Exercise brief:
Everything in the entries except the pictures should be copied exactly.

↓↓↓

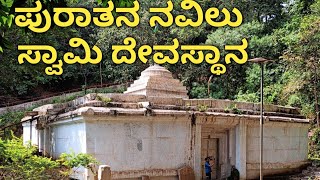 ನವಿಲು ಸ್ವಾಮಿ ದೇವಸ್ಥಾನ | Navilu Swamy temple | Sanduru EP-10 | Blackbeast37 | #kannada #sandur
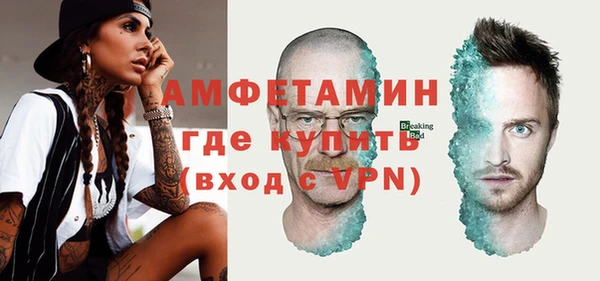альфа пвп VHQ Зеленокумск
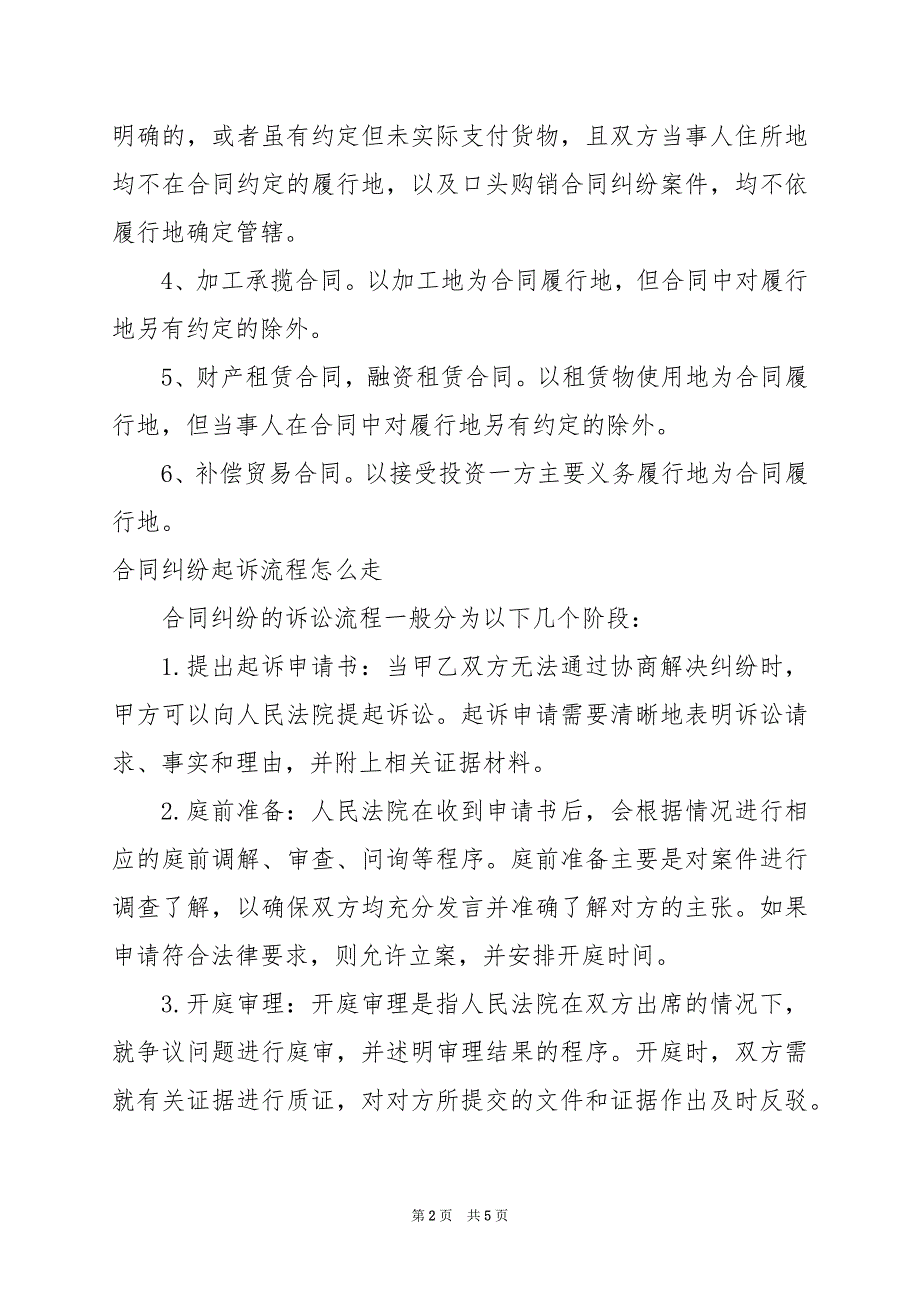 2024年合同出现纠纷如何确定管辖法院_第2页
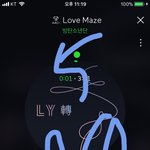 [방탄소년단] 아니 남준<b>이</b> 지금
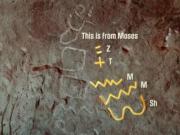 Dicen haber encontrado en una cueva un misterioso mensaje de Moisés escrito sobre piedra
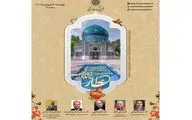 Iran marks National Day of Iranian poet Attar of Nishapur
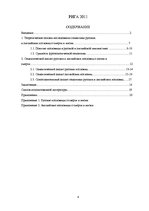 Referāts 'Семантика русских и английских пословиц о смерти-жизни', 4.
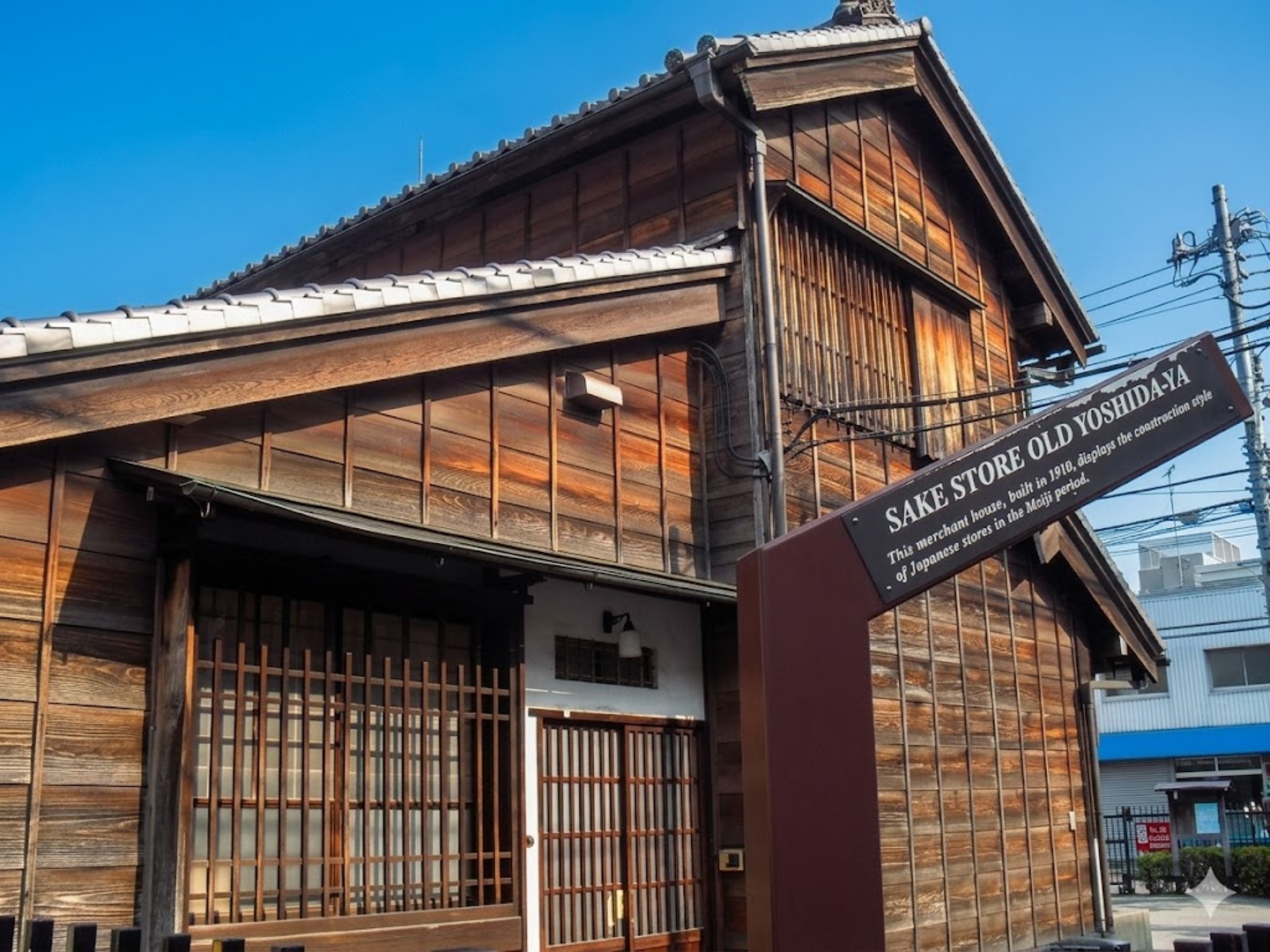 Yanaka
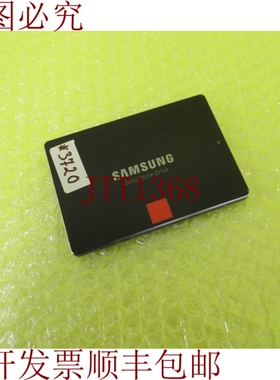原装供应MZ-7PD512_SSD 840 PRO 512GB_6个月_3720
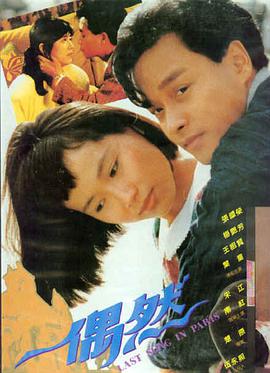钢铁意志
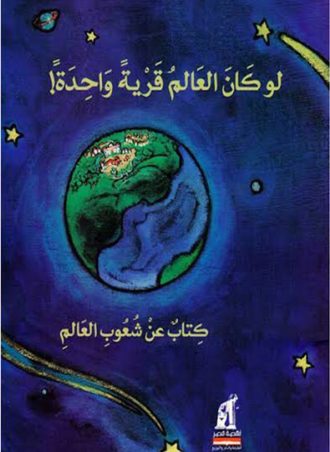 لو كان العالم قرية واحدة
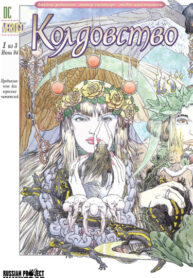 Cover 58276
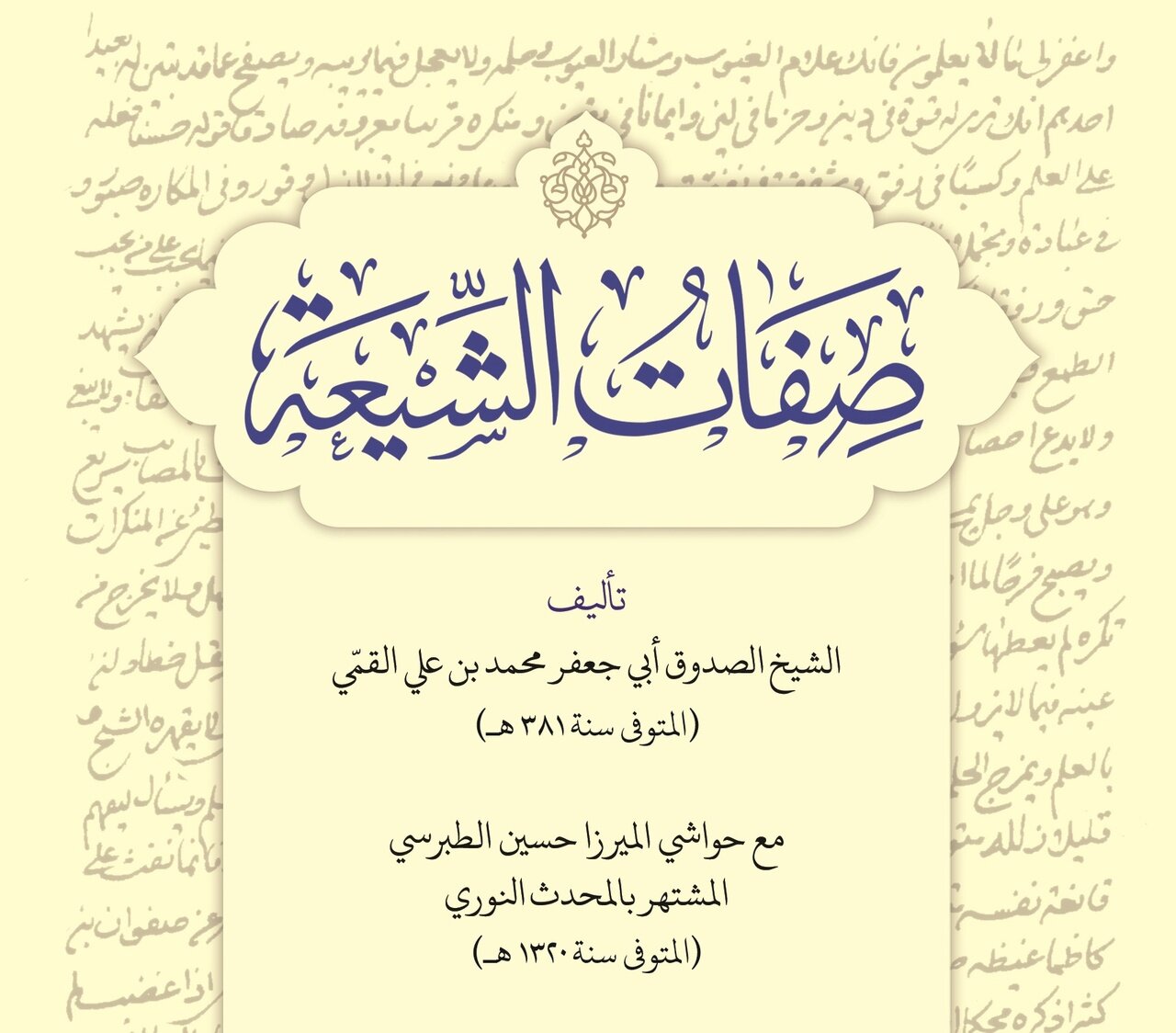 صفاتالشیعه اثر شیخ صدوق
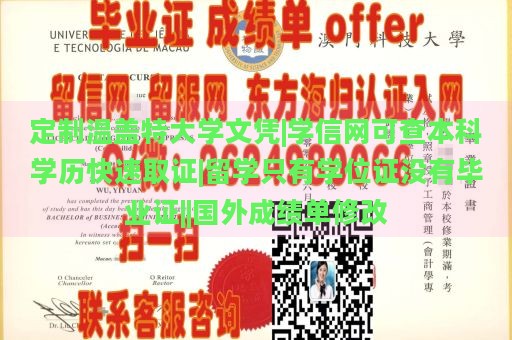 定制温盖特大学文凭|学信网可查本科学历快速取证|留学只有学位证没有毕业证||国外成绩单修改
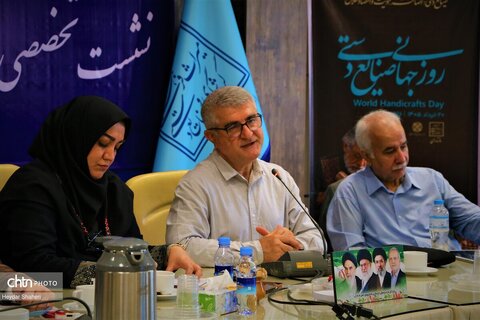برگزاری نشست تخصصی اقتصاد در صنایع‌دستی در مازندران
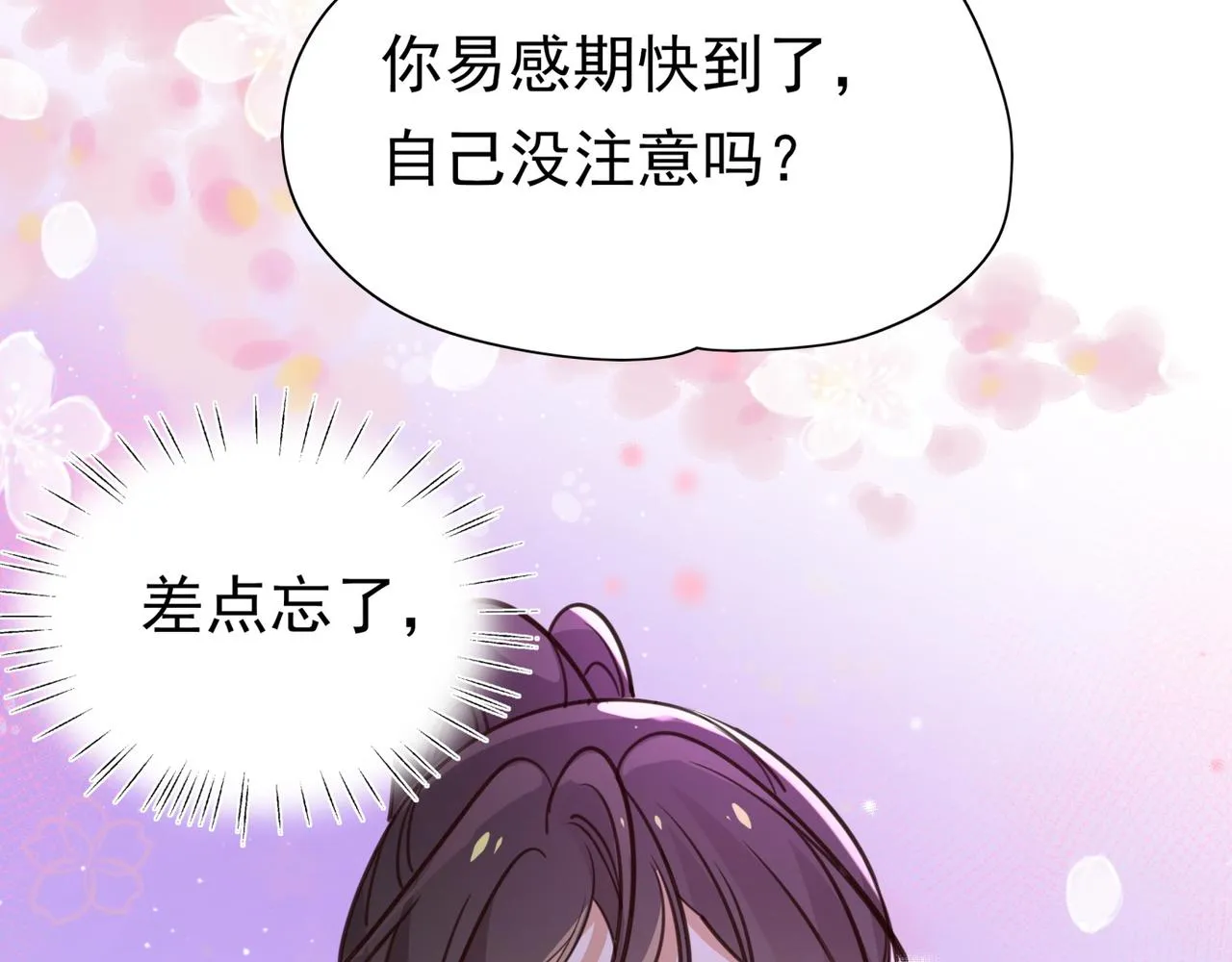 第13话 不起作用 第102页
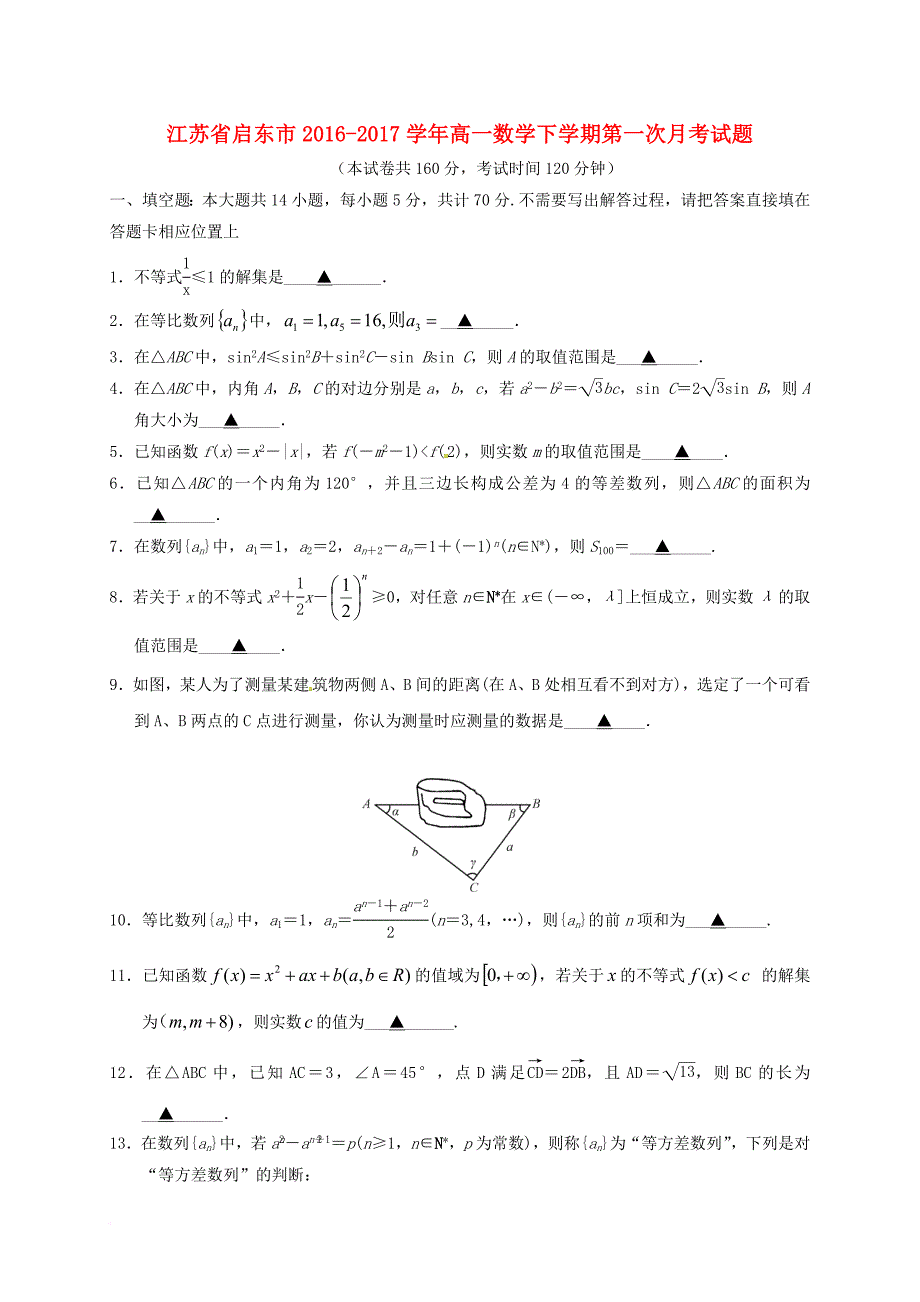 高一数学下学期第一次月考 试题_2_第1页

↑↑↑

Written solution:
 ನವಿಲು ಸ್ವಾಮಿ ದೇವಸ್ಥಾನ | Navilu Swamy temple | Sanduru EP-10 | Blackbeast37 | #kannada #sandur
альфа пвп VHQ Зеленокумск
 2024年合同出现纠纷如何确定管辖法院_第2页
 [방탄소년단] 아니 남준<b>이</b> 지금
 Dicen haber encontrado en una cueva un misterioso mensaje de Moisés escrito sobre piedra
 Iran marks National Day of Iranian poet Attar of Nishapur
 Referāts 'Семантика русских и английских пословиц о смерти-жизни', 4.
 Yanaka
原装供应MZ-7PD512_SSD 840 PRO 512GB_6个月_3720
钢铁意志
 لو كان العالم قرية واحدة
 Cover 58276
 صفاتالشیعه اثر شیخ صدوق
 定制温盖特大学文凭|学信网可查本科学历快速取证|留学只有学位证没有毕业证||国外成绩单修改
برگزاری نشست تخصصی اقتصاد در صنایع‌دستی در مازندران
 第13话 不起作用 第102页
 高一数学下学期第一次月考 试题_2_第1页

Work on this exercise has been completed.